Why We Built LapDrop | Our Story

By Steph Barlow

April 16, 2026

When I started my career in HR, device management wasn't something I thought much about. We were in office. When someone left the company, you walked over to their desk, collected their laptop, and that was it. Simple.

Then remote work happened. And that simple task became something else entirely.

My operations coordinator and I developed what I can only describe as a recurring awkward moment. When someone left the company, we had two options. One of us would drive to the employee's house and physically pick up the equipment. Or we would send them a shipping label and ask them to find a box.

Neither option was good. The in-person pickup was exactly as uncomfortable as it sounds. The box situation was its own kind of frustrating - asking someone in the middle of a job transition to source appropriate packaging, figure out dimensions, send them back to us so we could generate a label, print it, and get themselves to a post office. We did it because there was nothing better. But it never felt like a real solution.
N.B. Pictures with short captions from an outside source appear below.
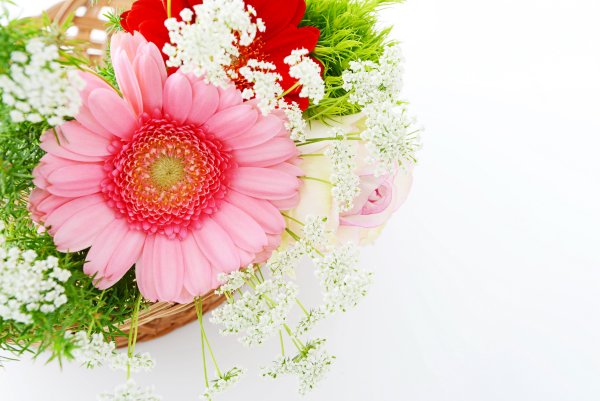 Букет цветов фон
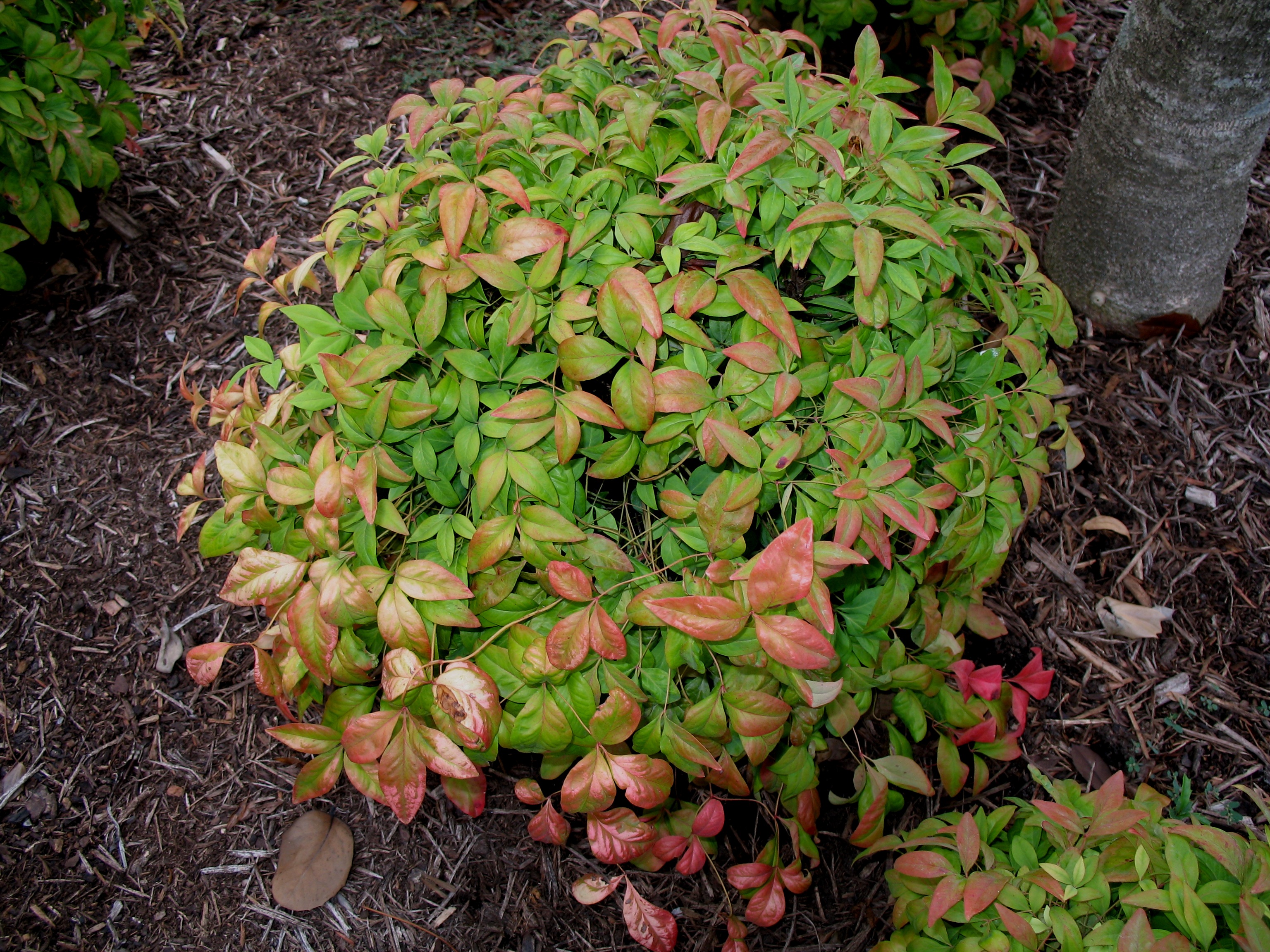 Nandina domestica 'Pygmaea'  / Nandina domestica 'Pygmaea' 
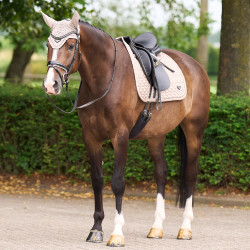 Tapis de selle Euro-Star Cato DR Tundra Beige
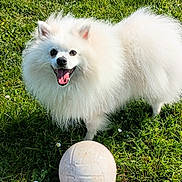 Whillo a rejoint le concours — aidez-le/la à gagner de superbes lots ! animal, canine, cute, daylight, dog, field, fluffy, fur, grass, green, happy, nature, outdoor, pet, playful, smiling, summer, tongue_out, volleyball, white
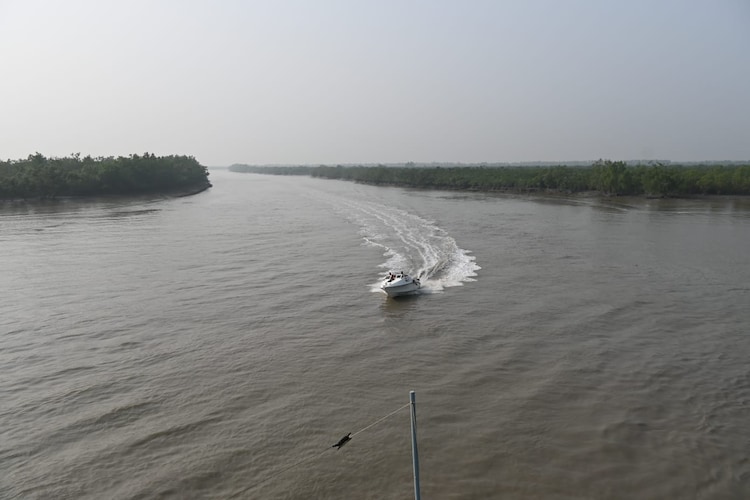 Sundarbans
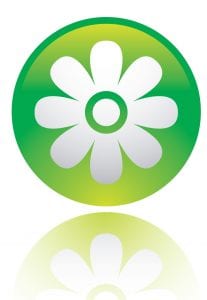 spring lawn care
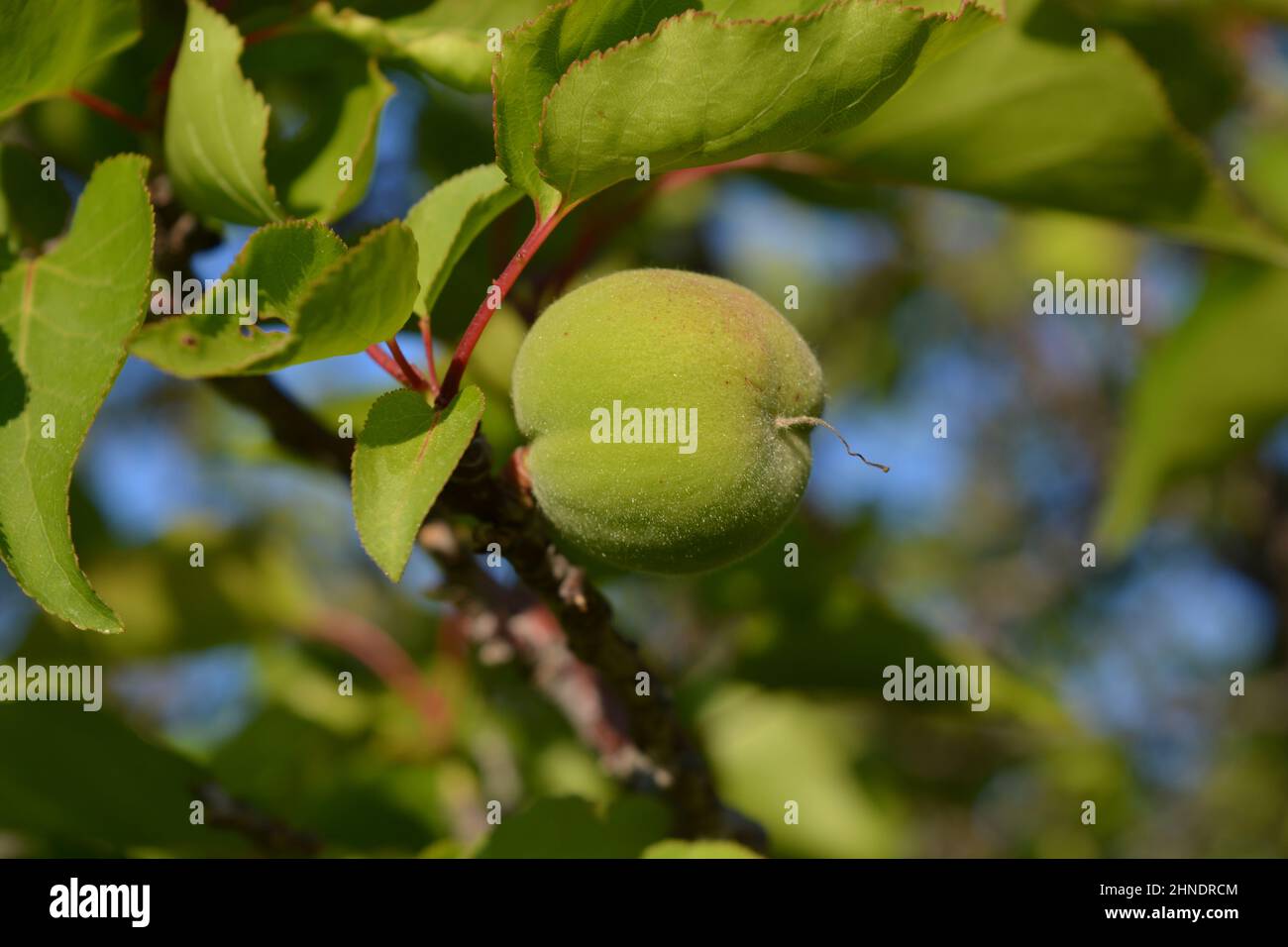 Apricot, or Prunus armeniaca ripening on tree, close up Stock Photo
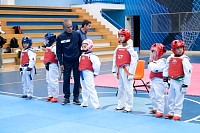 22032025mundialito2025_tae_kwon_do244.jpg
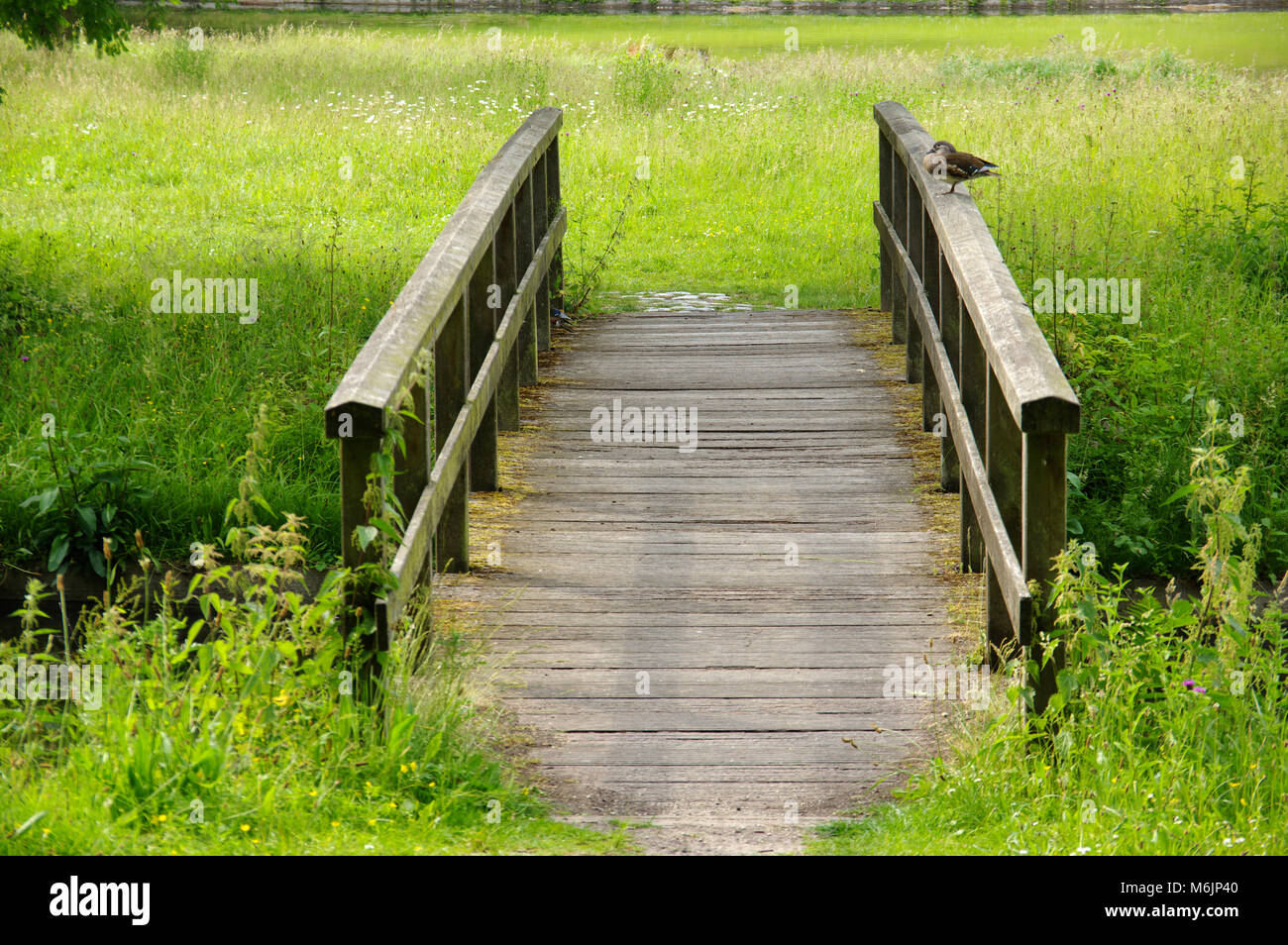 Fußgängerbrücke, Vogel, Park, Rasen, Teich, Horizontal Stockfoto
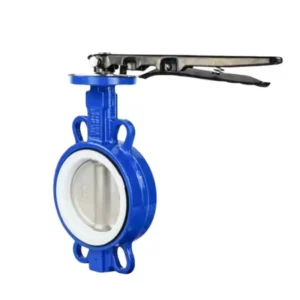 Lever Worm Gear Operated Butterfly Valve Ductile Iron Stainless Steel Soft-Seated Butterfly Valve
When I moved into consulting, I started working with other Canadian companies managing remote teams. The same problem kept coming up. Clients struggling to get devices back. Asking me - their HR consultant - to figure out how to retrieve a laptop from someone in another city. I found myself back in the same position I'd been in years earlier, except now it wasn't my own company's problem. It was everyone's problem.

At some point I stopped accepting that this was just how it worked and started looking for an actual solution.

The Demo That Changed Things

I did some research and found a few services in the US that looked promising. I got genuinely excited. I booked a demo, went through the whole thing, and came away impressed with the product.

Then I found out what it would cost for a Canadian team.

Canada was classified as an international shipping destination. There was a meaningful surcharge on top of a base price that was already in USD. For a Canadian company doing a fully domestic return (employee in Canada, office in Canada, laptop in Canada) the pricing structure treated the whole transaction as a foreign one.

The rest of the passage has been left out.